Recycling to increase; the issue is: Who will pay for added cost?
In the long run, we are confident the amount of recycling in Blount County will increase significantly. The question: Who will pay for the increasing costs caused by increased volume?
City of Alcoa offers its residents curbside recycling service.
City of Maryville for more than a decade has provided convenient recycling centers within the city, paid for out of the city’s $2.17 per $100 of assessed value property tax rate which city residents pay in addition to also paying the $2.15 per $100 of assessed value Blount County property tax.
Blount County does not offer any recycling service.
Woodby Recycling, a private company, offers weekly curbside recycling service throughout the county and cities for $12 per month. It has about 400 customers and is also growing.
Since the beginning of the Maryville service, which originally required separation of items to be recycled by type, it has allowed Blount residents from outside the city to use the city service free of charge. A survey indicated that approximately one-half of recycled items in the Maryville system are placed there by non-city residents, leaving city of Maryville residents paying for a nonexistent county service.
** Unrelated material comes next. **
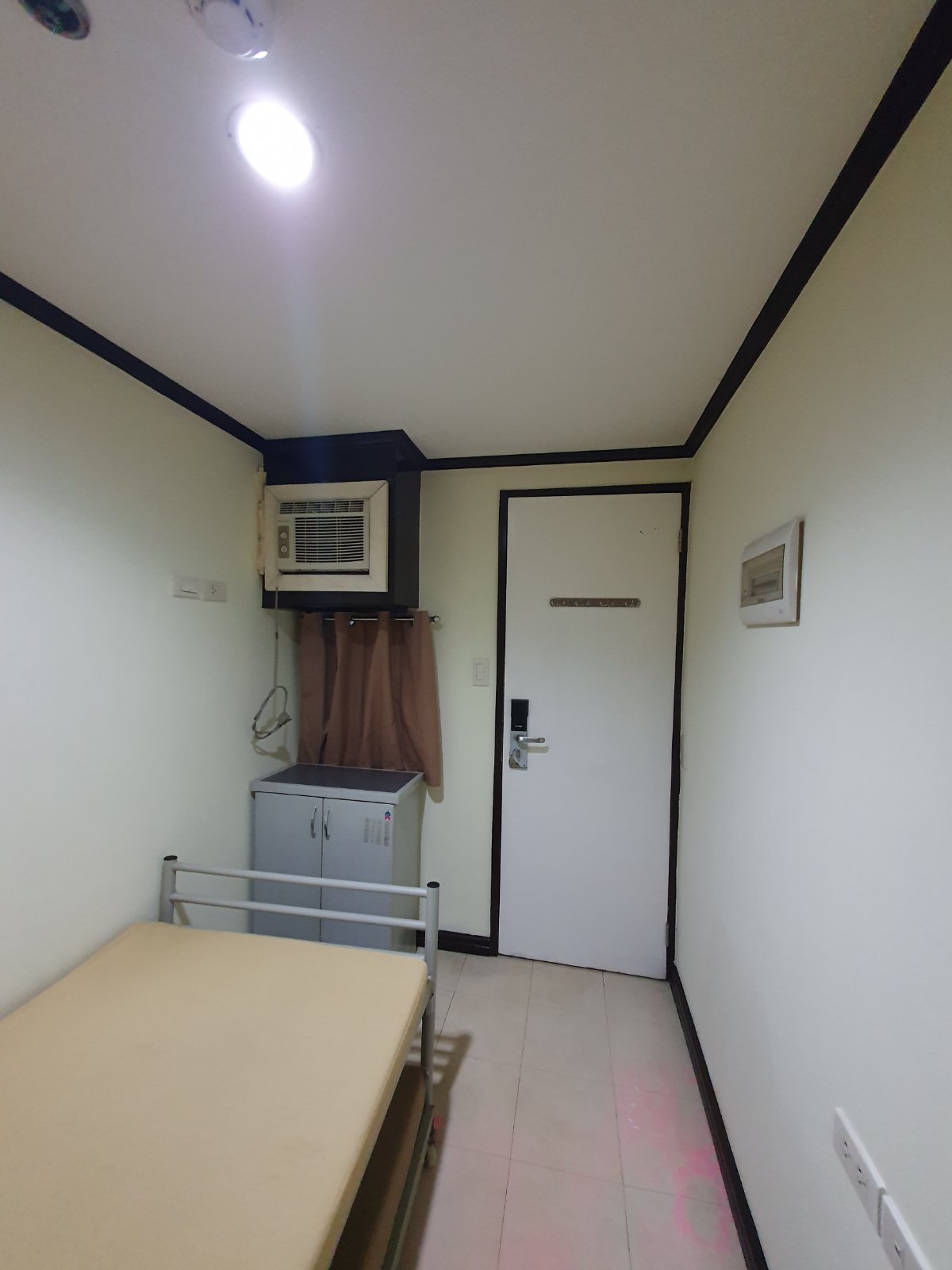 Roomph Buendia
About a year ago, Maryville moved to a single-stream system which accepts plastic, glass bottles, metal, aluminum cans, newspapers, magazines, phone books, mixed paper and flattened cardboard. ROCKTenn, a Knox recycler, picks up the recyclables and hauls them to Knoxville where they are separated. While this system is more efficient, it has greatly increased use of the city of Maryville’s recycling centers with half of the use now coming from non-city residents.
There is no question that recycling will continue to increase considerably in the days ahead. No action has been taken yet but the matter was discussed at a work session of City Fathers. The city of Maryville, like Blount County government, has had numerous budget and personnel reductions to meet difficult times. It is unlikely the city can continue to leave the centers open to non-city residents.
Maryville is considering reducing hours, locations and the cost of stationing personnel at its centers to allow only city residents to use them unless other options of financial support of the rapidly growing practice are offered.
While we don’t know of any resident opposed to recycling, even if you were, recycling keeps a lot of material out of the county landfill taking it longer to fill up, reducing future costs.